Record and Artist Details

Genre:

Orchestral

Label: BIS

Media Format: CD or Download

Media Runtime: 82

Mastering:

DDD

Catalogue Number: BIS2330

BIS2330. Cello Libris: Works by Geoffrey Gordon

Tracks:

Composition Artist Credit
Concerto for Cello and Orchestra Geoffrey Gordon, Composer
Copenhagen Philharmonic Orchestra
Lan Shui, Conductor
Toke Møldrup, Cello
Fathoms Geoffrey Gordon, Composer
Steven Samuel Beck, Piano
Toke Møldrup, Cello
Ode to a Nightingale Geoffrey Gordon, Composer
Mogens Dahl, Conductor
Mogens Dahl Chamber Choir
Toke Møldrup, Cello

This is apparently the first release to be dedicated to Geoffrey Gordon (b1968), though the composer has built up a substantial and wide-ranging catalogue over the last quarter of a century, with the three works featured here attesting to his imaginative outlook on the musical past.

Inspired by Doktor Faustus, Thomas Mann’s powerful if often fanciful take on the creative ego, the Cello Concerto (2013) falls into a Prologue, seven Episodes and Epilogue that play continuously for 24 minutes (paralleling those 24 years of creativity granted in the Faustian pact). Its trajectory from ‘innocence to madness’ might easily risk overkill but the Dutilleux-like finesse Gordon instils into the relationship of soloist and orchestra (cello only coming to the fore in two trenchant cadenza passages) helps to maintain expressive focus throughout.

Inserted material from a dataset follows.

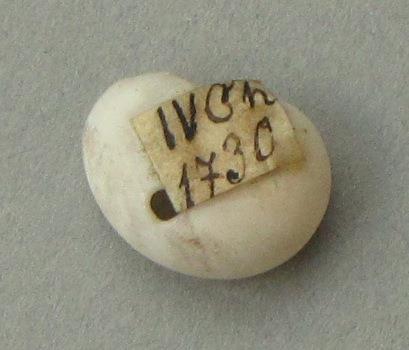 IV Ca 1730 h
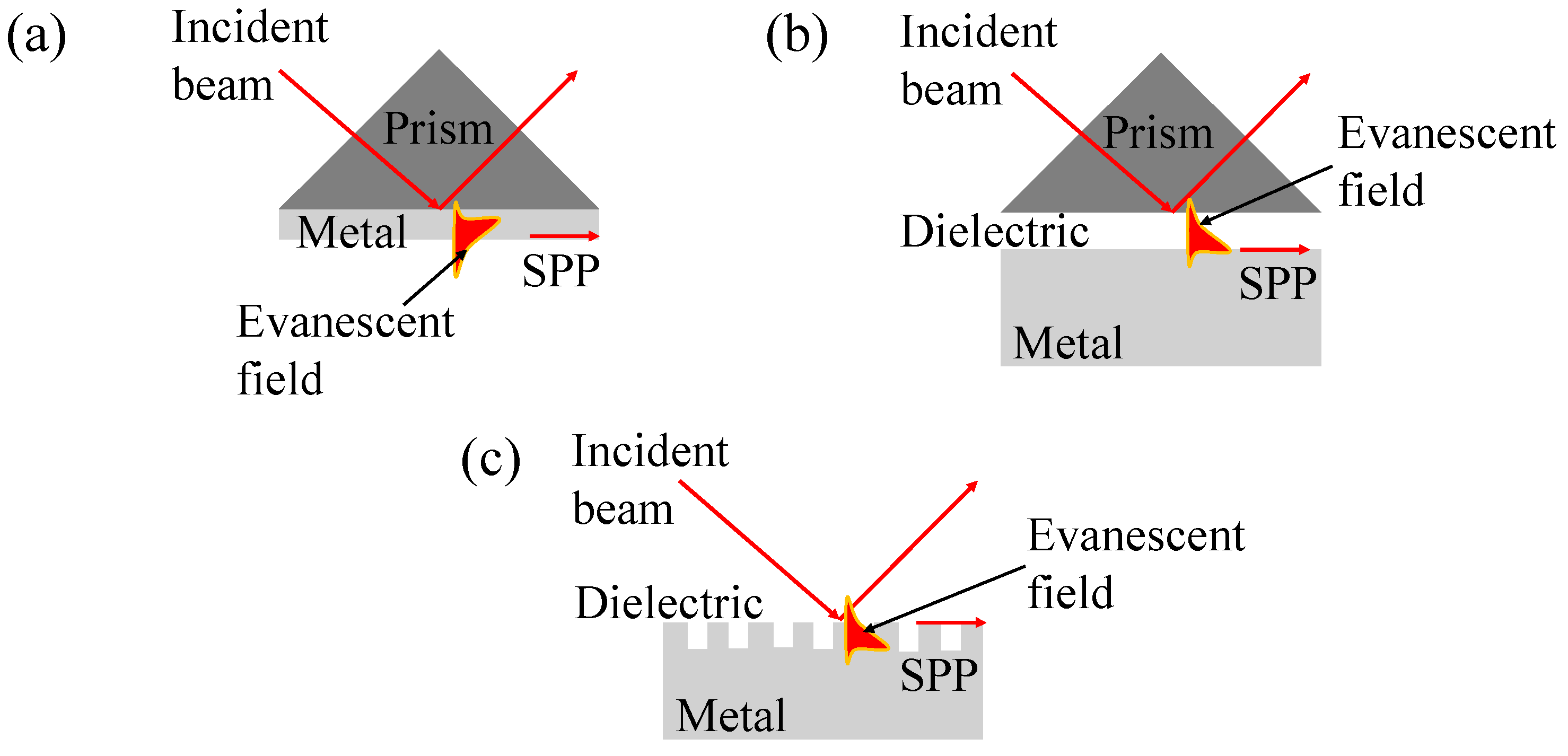 Preprints 143051 g002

The other pieces are hardly less arresting. Fathoms (2015) consists of five impressions after Shakespeare’s The Tempest, with a substantial Prologue representing the storm sequence; the six movements resulting in a cello sonata of a cohesion because of, rather than despite, these extramusical associations. Most distinctive are the final movements, a free-form fantasy that evokes the isle full of noises then a sustained leave-taking whose inexorable descent mirrors that of Prospero drowning his book. More concrete in its associations, Ode to a Nightingale (2013) sets all eight stanzas of Keats’s poem in writing – luminous and astringent by turns – that builds toward an ecstatic culmination with the cello wholly subsumed into the chorus, before those two sound-sources ineluctably move apart as does the poet from his inspiration.

It remains to add that performances are consistently excellent, Toke Møldrup equally at home in the three highly contrasted contexts, but the booklet notes seem more intent on selling than explaining these works. On this evidence, Gordon’s music is more than able to promote itself.